Dyer: The end of Ali Abdullah Saleh

Ali Abdullah Saleh seized power in Yemen in 1978, when he was only 36 years old. He lost it in 2012, when the ‘Arab spring’ was in full spate, and had been trying to get it back ever since. Thirty-four years was not enough. But on Monday, his truly astonishing ability to switch sides got him killed.

Saleh was Saudi Arabia’s man in Yemen for a long time, but when Riyadh turned against him in 2012 and put his vice-president, Abdrabbuh Mansour Hadi, in power instead, Saleh went rogue. A lot of the army was still loyal to him, so he made an alliance with the powerful Houthi tribes in the north (exactly the same people whom he had attacked six times in the past), and started working his way back.

In 2014, the Houthi militia and Saleh’s forces seized control of the capital, Sanaa, and Saudi Arabia’s new placeman, President Hadi, fled south to Aden, the country’s second city. Later Hadi fled to Saudi Arabia, and the Houthi-Saleh alliance took over most of the country.

Yemen matters a lot to the Saudis, because it is the other big country in the Arabian peninsula, with 27 million people (same as Saudi Arabia), but it is very poor and very unstable. The fact that almost half the Yemenis follow the Shia branch of Islam (in their own Zaidi variant) is of particular concern to the Saudi regime.

Such distinctions didn’t stop the Houthis (who are Shia) from getting together with Saleh’s people (who are mostly Sunnis), because Yemenis are not much troubled by such things.
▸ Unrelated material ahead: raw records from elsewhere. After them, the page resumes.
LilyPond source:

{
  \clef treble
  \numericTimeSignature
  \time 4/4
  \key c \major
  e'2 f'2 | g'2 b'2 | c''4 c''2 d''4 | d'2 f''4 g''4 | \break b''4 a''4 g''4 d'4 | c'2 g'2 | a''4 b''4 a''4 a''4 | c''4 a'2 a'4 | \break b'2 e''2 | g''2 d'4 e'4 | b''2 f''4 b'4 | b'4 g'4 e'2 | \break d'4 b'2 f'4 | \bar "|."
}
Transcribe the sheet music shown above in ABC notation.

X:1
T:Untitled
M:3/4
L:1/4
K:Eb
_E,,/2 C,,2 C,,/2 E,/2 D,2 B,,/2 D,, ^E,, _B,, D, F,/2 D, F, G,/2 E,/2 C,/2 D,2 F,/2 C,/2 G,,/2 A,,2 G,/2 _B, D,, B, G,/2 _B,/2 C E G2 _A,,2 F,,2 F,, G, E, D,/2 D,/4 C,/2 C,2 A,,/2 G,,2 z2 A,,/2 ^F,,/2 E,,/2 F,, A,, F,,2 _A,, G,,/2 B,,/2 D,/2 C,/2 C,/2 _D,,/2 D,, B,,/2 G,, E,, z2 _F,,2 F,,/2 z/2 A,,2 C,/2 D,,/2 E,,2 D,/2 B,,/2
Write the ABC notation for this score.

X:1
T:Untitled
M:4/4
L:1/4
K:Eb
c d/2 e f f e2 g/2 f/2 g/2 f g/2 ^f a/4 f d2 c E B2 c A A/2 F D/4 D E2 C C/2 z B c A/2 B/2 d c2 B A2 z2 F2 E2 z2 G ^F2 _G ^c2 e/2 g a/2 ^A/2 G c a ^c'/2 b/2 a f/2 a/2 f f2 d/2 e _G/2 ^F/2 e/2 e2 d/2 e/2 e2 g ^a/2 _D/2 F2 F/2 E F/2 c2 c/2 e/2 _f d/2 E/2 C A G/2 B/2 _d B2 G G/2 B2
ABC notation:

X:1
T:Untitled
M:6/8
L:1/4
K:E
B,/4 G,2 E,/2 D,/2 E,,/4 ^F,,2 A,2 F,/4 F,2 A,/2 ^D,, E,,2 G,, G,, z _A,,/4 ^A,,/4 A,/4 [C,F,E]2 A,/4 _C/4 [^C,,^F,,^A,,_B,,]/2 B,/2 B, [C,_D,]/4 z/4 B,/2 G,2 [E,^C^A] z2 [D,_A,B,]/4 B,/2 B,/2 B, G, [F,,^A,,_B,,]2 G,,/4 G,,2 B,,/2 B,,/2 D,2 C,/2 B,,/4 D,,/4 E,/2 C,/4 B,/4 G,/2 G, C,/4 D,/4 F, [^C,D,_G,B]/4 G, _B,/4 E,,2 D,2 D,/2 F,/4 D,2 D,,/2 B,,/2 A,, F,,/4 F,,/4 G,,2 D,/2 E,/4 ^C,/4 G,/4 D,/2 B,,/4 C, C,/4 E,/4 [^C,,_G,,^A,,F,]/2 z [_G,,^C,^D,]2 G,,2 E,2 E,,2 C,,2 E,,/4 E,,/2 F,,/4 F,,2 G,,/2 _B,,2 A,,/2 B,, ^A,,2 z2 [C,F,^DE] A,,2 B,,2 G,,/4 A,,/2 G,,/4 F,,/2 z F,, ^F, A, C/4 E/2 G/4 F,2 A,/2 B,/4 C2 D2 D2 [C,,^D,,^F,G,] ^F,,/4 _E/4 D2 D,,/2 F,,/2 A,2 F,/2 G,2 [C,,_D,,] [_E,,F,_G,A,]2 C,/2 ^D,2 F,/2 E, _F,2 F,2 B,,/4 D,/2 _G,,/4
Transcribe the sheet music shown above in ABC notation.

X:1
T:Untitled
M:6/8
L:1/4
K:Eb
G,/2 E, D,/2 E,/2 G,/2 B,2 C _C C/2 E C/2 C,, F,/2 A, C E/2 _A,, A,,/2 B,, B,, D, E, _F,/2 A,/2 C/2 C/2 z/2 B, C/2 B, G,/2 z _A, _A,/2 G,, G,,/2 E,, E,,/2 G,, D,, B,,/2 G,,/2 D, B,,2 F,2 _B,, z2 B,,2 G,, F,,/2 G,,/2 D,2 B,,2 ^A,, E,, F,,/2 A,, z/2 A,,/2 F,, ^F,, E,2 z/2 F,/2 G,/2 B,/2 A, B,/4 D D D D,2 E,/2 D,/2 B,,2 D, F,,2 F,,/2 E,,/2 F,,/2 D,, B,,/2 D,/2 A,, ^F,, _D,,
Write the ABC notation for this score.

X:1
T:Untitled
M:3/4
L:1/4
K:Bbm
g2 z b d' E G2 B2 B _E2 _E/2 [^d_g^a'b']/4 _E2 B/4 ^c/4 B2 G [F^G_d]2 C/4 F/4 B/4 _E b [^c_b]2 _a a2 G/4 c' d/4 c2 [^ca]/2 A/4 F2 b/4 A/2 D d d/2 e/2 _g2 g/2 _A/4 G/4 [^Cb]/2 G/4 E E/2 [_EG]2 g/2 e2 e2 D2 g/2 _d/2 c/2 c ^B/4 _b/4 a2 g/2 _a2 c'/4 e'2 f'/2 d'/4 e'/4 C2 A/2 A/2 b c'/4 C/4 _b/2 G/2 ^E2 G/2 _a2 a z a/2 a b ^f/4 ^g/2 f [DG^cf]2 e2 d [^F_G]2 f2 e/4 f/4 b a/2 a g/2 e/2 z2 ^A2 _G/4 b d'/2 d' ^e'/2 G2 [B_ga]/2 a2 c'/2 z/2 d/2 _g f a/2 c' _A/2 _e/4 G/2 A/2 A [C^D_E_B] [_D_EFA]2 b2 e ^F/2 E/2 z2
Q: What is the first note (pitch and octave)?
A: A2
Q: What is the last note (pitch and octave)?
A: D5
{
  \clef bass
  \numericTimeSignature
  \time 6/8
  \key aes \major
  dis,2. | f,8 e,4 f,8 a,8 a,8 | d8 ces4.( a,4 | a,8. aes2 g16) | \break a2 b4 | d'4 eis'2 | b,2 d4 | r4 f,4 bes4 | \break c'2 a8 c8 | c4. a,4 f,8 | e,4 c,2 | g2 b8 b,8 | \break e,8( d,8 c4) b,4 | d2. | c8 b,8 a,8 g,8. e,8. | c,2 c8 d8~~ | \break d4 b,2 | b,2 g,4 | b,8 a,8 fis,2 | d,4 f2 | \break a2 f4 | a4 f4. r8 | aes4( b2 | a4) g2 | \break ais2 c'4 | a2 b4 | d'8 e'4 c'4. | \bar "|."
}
But the Saudi Arabian regime, all Sunnis, is obsessed by the ‘Shia threat’. That mostly means Iran, their rival across the Gulf, but the Saudis sees Iranian plots everywhere, especially if there are Shias involved.

The current Yemeni civil war is about the twentieth such power struggle in the past thousand years, and little different from all the others. Iran no doubt enjoys the Saudi Arabian panic about it, but there is no evidence that it is sending the Houthis anything except good wishes. Whereas Riyadh and its allies are sending bombers.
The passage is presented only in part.